Wednesday: Homemade pizzas. Choice: ham, chicken, fresh basil, alfredo OR pepperoni, hot olive mix, tomato sauce.
Thursday: A tear-filled mug of lonesome (as the girls fly west for the weekend and Ph. and I enjoy bottomless bowl-o-cold-cereal?). Maybe a Stauffer's bag meal. Also, I have the materials for chipped beef, a dish I haven't had since 1985.
Friday: Cellophane delight leftovers (as Ph., too, vacates, gone skiing).
Saturday: Erawan Thai take-out in celebration of SU's stunning win over Georgetown.
Sunday: Bowl of popcorn. Reminds me of a teammate in college who was not kidding (even though everyone laughed uncomfortably) when he said he curbed his hunger by filling up on water and going straightaway to sleep.

Monday, February 11, 2008

ACTropolis

Saturday evening I went online for the exclusive purpose of registering Ph. to take the ACT in June (so that ACTropolis doesn't seem like something I made up, follow the link). His guidance counselor encouraged him to sign up online rather than on paper.

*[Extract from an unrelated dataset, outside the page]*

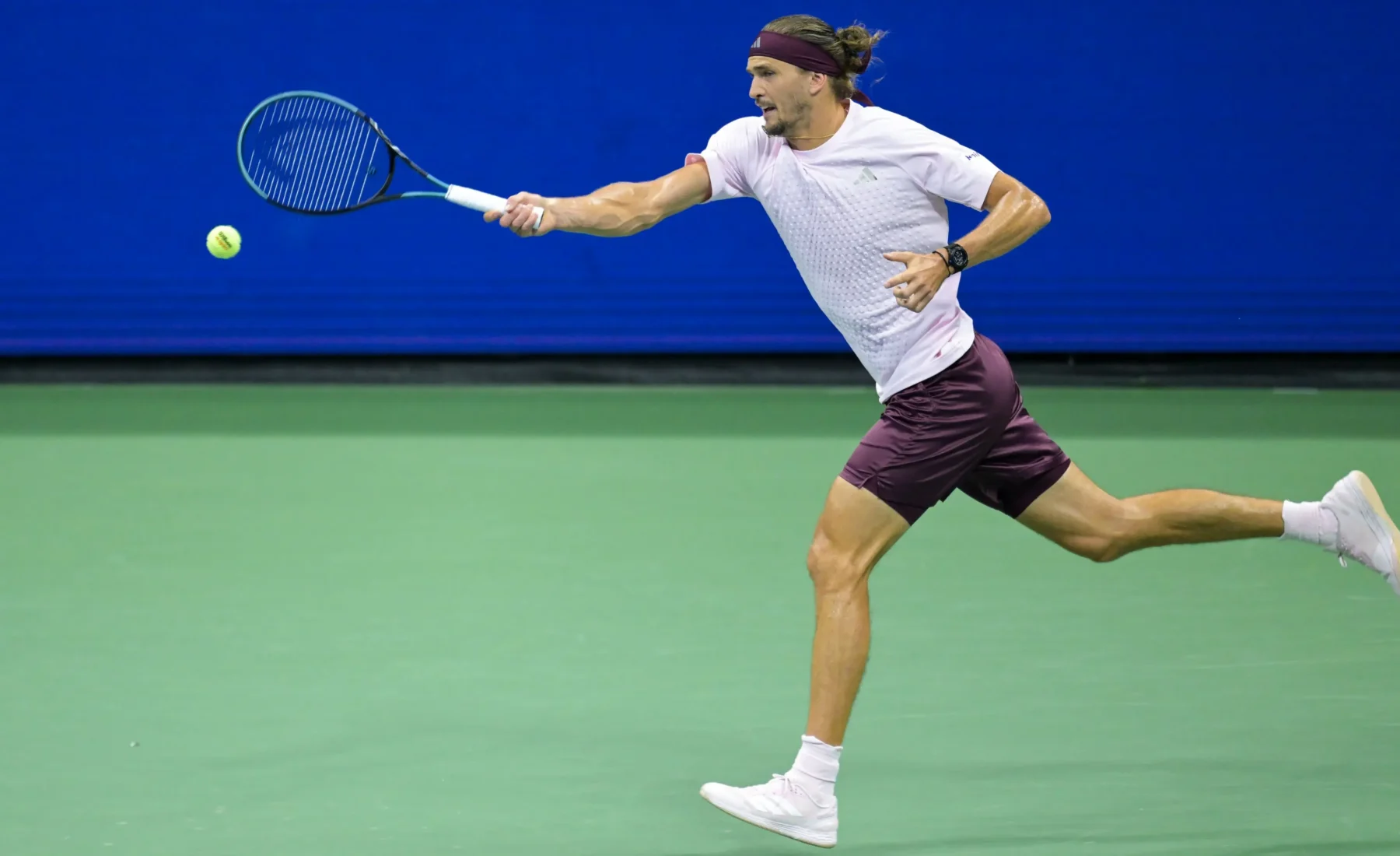 Six Years After Painful US Open Collapse, Zverev Registers Record-Setting Slam Season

It has been seventeen or eighteen years since I signed anyone up to take the ACT. I am old; the process has grown unbelievably cumbersome under a sharp jump in the value of high school student profiles to predatory admissions practices. This is the database at its collect-all worst. Had there been all of this data-collection all those years ago, I almost certainly would have been more enthusiastically recruited. Right?

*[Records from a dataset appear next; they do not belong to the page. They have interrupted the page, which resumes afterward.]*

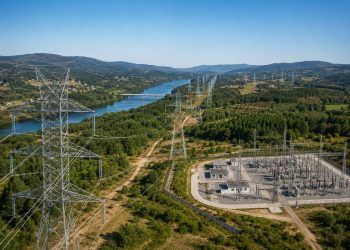 interconexión eléctrica españa portugal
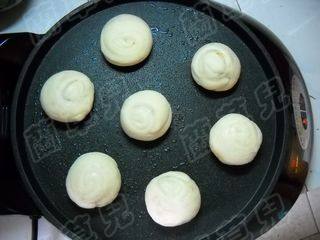 黑椒烤料烧饼步骤17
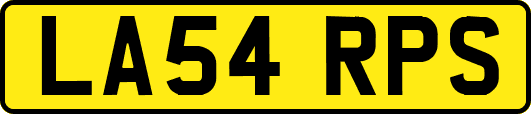 LA54RPS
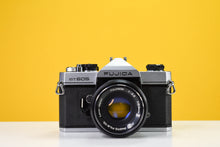 Load image into Gallery viewer, Fujica ST605 35mm Film Camera with Fujinon 55mm f/2.2 Lens and Case
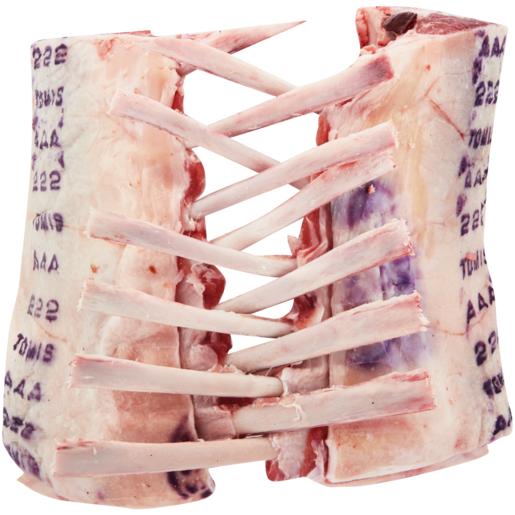 Rack Of Lamb Per kg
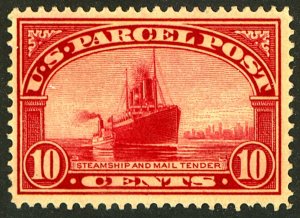 U.S. #Q6 MINT OG NH////ar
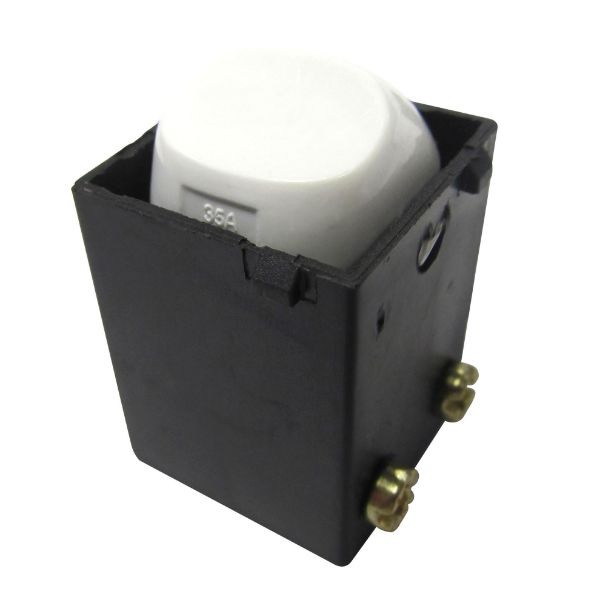 Picture of 35A 2-Way No Label Mechanism Suits all Tradesave Plates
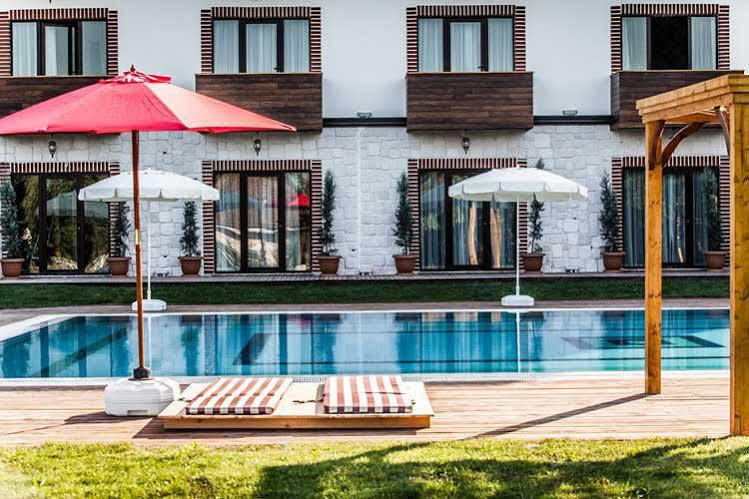My Green Boutique Hotel Masukiye Eksteriør billede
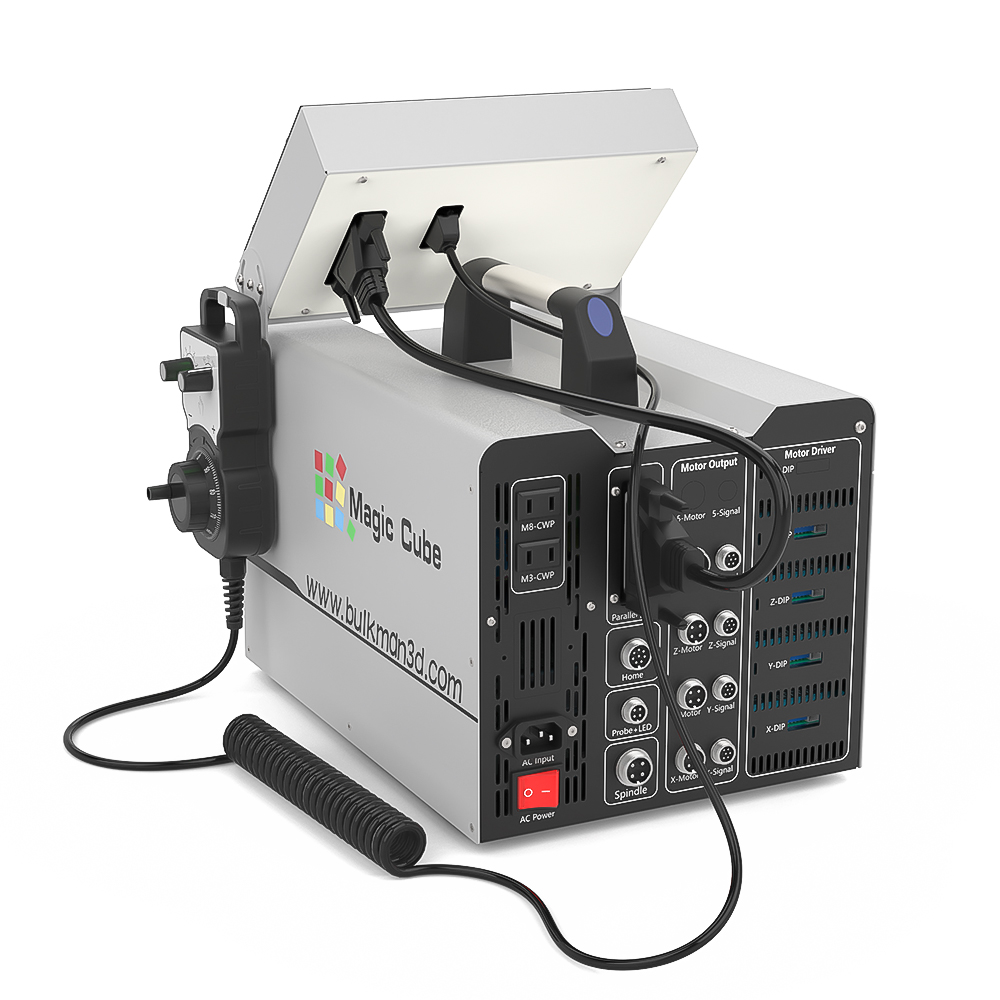 BulkMan3D DDCS V4.1 4 Eksenli  - Ddcs V4.1 4 Axis Cnc Offline Controller incelemesi ve fiyatı
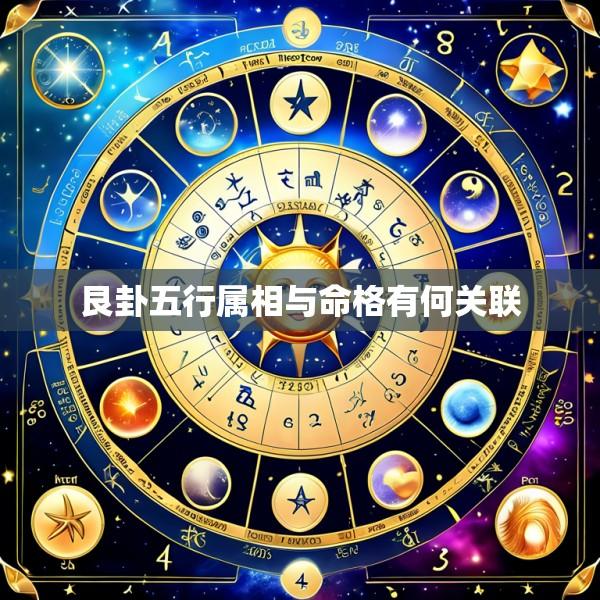 艮卦五行属相与命格有何关联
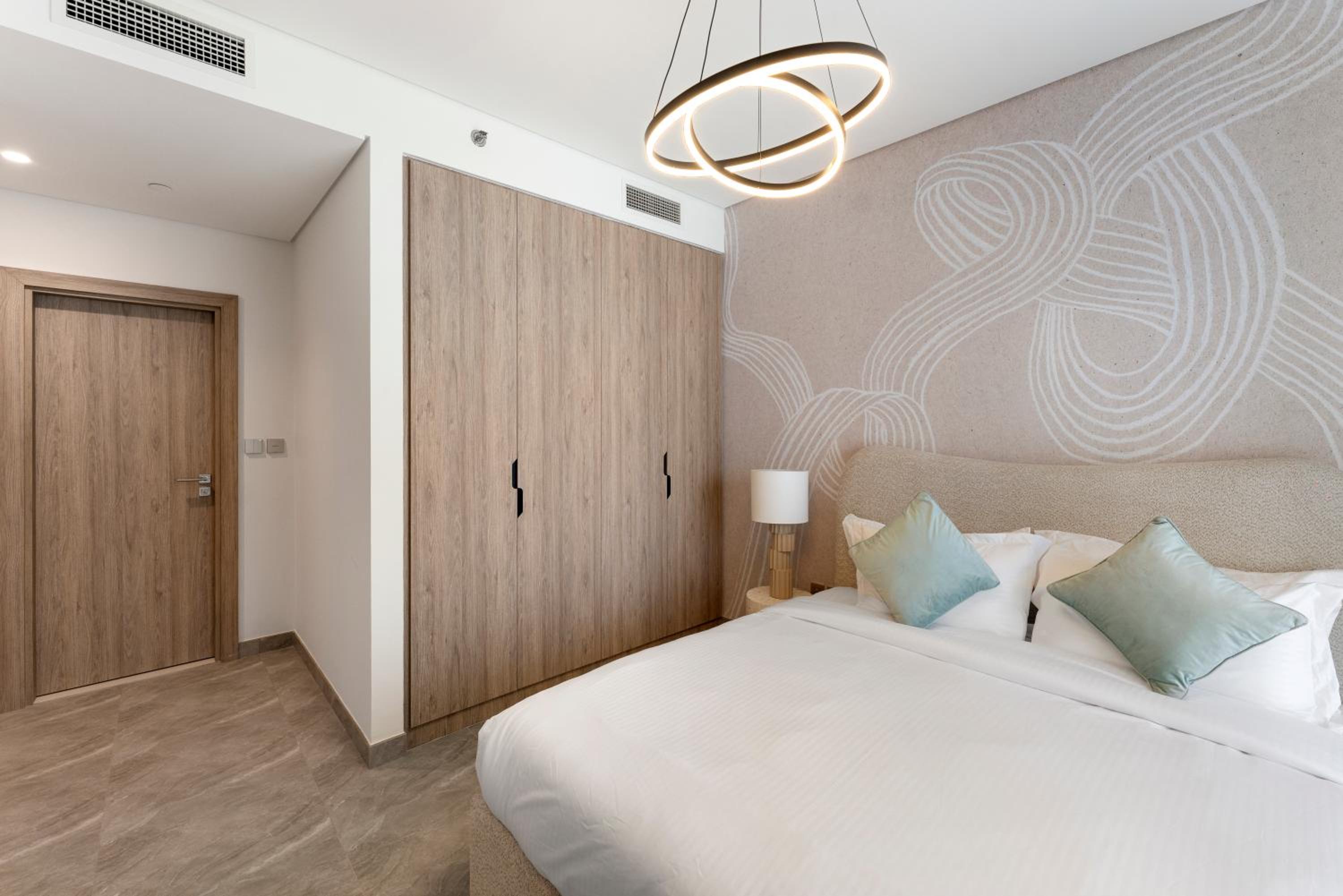 Brand New 2BR Peninsula One with Burj Khalifa View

I filled out screen after screen of profiling data related to Ph.'s high school program of study, extracurricular activities, career aspirations, and so on. Somewhere along the way, I also selected a testing date (June) and site (Jamesville-Dewitt H.S., the nearest site with an open seat). Near the end of the process, an hour later, D. and I chatted briefly and agreed that he should be scheduled for a slightly different test. The ACT offers one test with writing and one without. I clicked back into the web form, switched that one item, and clicked 'continue' until I was at the pay screen. Then I input the payment information, clicked on 'submit payment', and held my breath hoping for a felicitous conclusion to the ACTropolis 5K.

Everything was fine. And then I clicked the 'print confirmation' button. Calamity! The page showed the wrong testing date; Ph. had been signed up for the April date rather than the June date. What the? Next, I tried 'Change Testing Date'. Something I learned: you can change the testing date for a modest $20.85 (or thereabouts), even if the transaction is hot, still flowing through the pipes. Also, I have since learned that the ACT system requires you to re-submit a payment for the full cost of the test when you change the date. Within three days they will refund the amount posted for the initial (mistaken) sign-up.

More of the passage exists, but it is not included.